Provided data ->
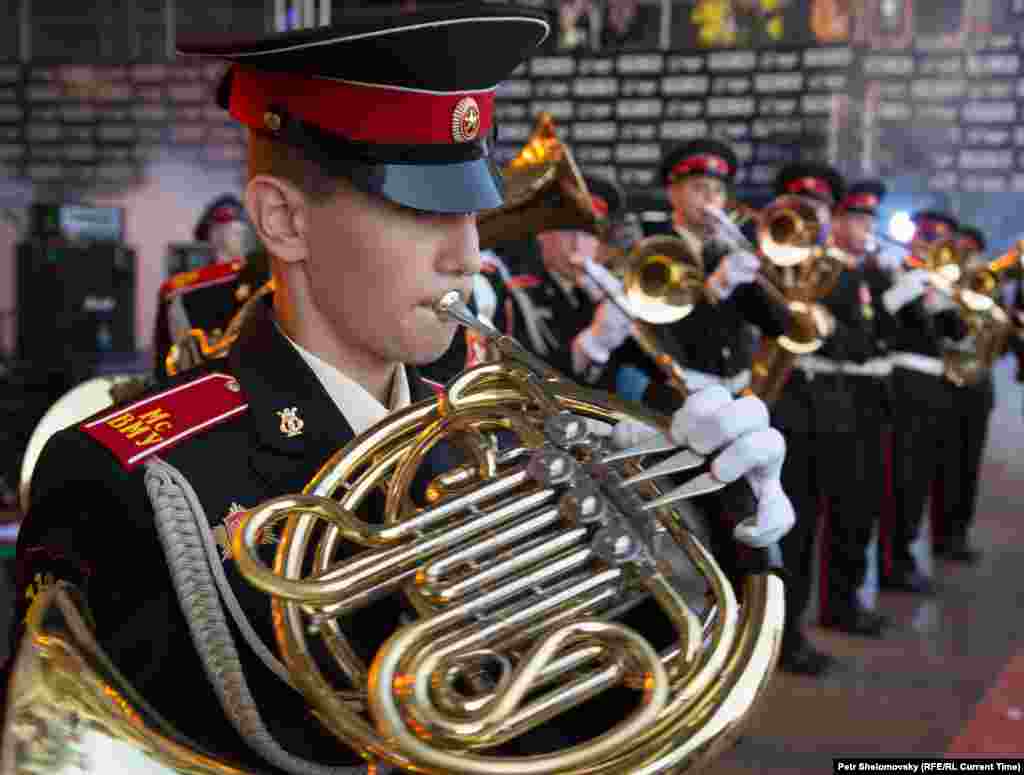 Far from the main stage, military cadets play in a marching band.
---
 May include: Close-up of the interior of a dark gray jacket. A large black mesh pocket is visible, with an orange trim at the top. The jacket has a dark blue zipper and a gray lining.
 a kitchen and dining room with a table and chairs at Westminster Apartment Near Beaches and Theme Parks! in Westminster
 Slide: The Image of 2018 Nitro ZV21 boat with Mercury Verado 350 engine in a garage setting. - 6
...
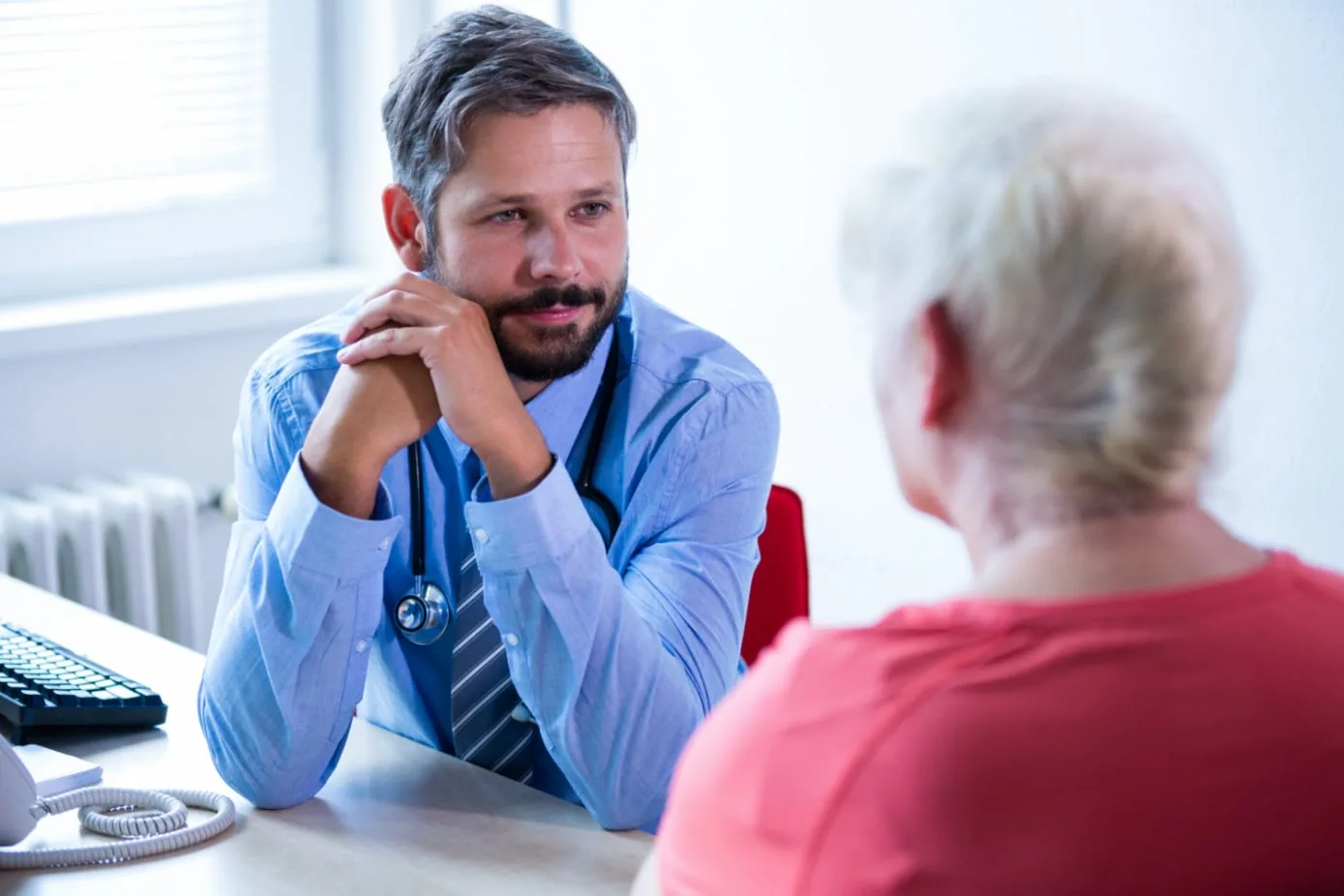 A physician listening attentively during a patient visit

What is expected ->
Above are the records. Copy the lines beginning at the one that has "a kitchen and" and ending with the one that has "Slide: The Image", unchanged.

Reply ->
 a kitchen and dining room with a table and chairs at Westminster Apartment Near Beaches and Theme Parks! in Westminster
 Slide: The Image of 2018 Nitro ZV21 boat with Mercury Verado 350 engine in a garage setting. - 6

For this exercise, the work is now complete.